If you’re one of the millions of Americans living with a mental disorder, your body may be older than you think.
A new study, presented this weekend at the European Congress of Psychiatry in Paris, shows that people with long-standing mental disorders like depression, anxietyand bipolar disorder are biologically older than their actual chronological age.
Researchers Dr Julian Mutz and Cathryn Lewis, both of King’s College London, examined blood metabolites – small molecules produced during the process of metabolism such as lipids, cholesterol and amino acids – of more than 110,000 residents British. They found that people with mental illness had a “metabolite profile” that indicated they were older than they actually were.

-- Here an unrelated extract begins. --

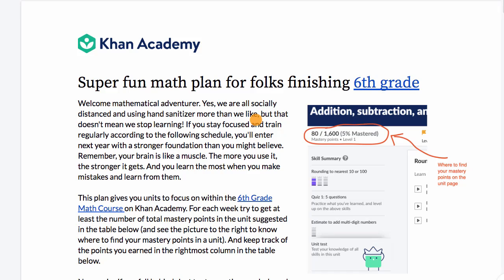The goal of this video is to introduce you to the idea of learning plans on Khan Academy, and I'm going to focus on a plan for sixth grade math. But what I'm talking about is as applicable to fourth grade math as it is to sixth grade math as it is to something like calculus or statistics.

“For example, people with bipolar disorder had blood markers indicating that they were about two years older than their chronological age,” Mutz explains in a communicated before the presentation.
The findings complement previous research by Mutz and others that found people with mental health conditions tend to live shorter lives and have more health problems, such as diabetes and heart disease. A 2002 study by Mutz found that people with anxiety, depression and bipolar disorder were more likely to be medically frail, a condition associated with a higher risk of death.
People with serious mental health problems can die up to two decades earlier due to “preventable physical conditions”. according to the World Health Organization.
The research highlights the potential for physicians to track the metabolite profiles of patients with mental disorders and use changes in those profiles to assess the effectiveness of health interventions, Mutz says.
How to slow biological aging
Fortunately, patients can take steps to slow their biological aging, says Mutz Fortune. Elements that contribute to faster biological aging in people with mental illness include:
- Physical inactivity
- Overreaction of the autonomic nervous system
- Low-grade chronic inflammation
- Social isolation/loneliness
“These factors are known to negatively impact health, and addressing these risk factors would be beneficial,” he says. Some actions that people with mental disorders could take to slow their biological aging include:
- Increase physical activity, perhaps with regular strength and resistance training
- Stop smoking, if applicable
- Establishing and maintaining positive relationships
Such lifestyle changes are also likely to reduce mental health symptoms. However, they will be “difficult to reach for seriously ill people”, he adds. “Treatment of their mental health symptoms, whether through psychological, pharmacological or other treatments, should always be considered with their doctor.”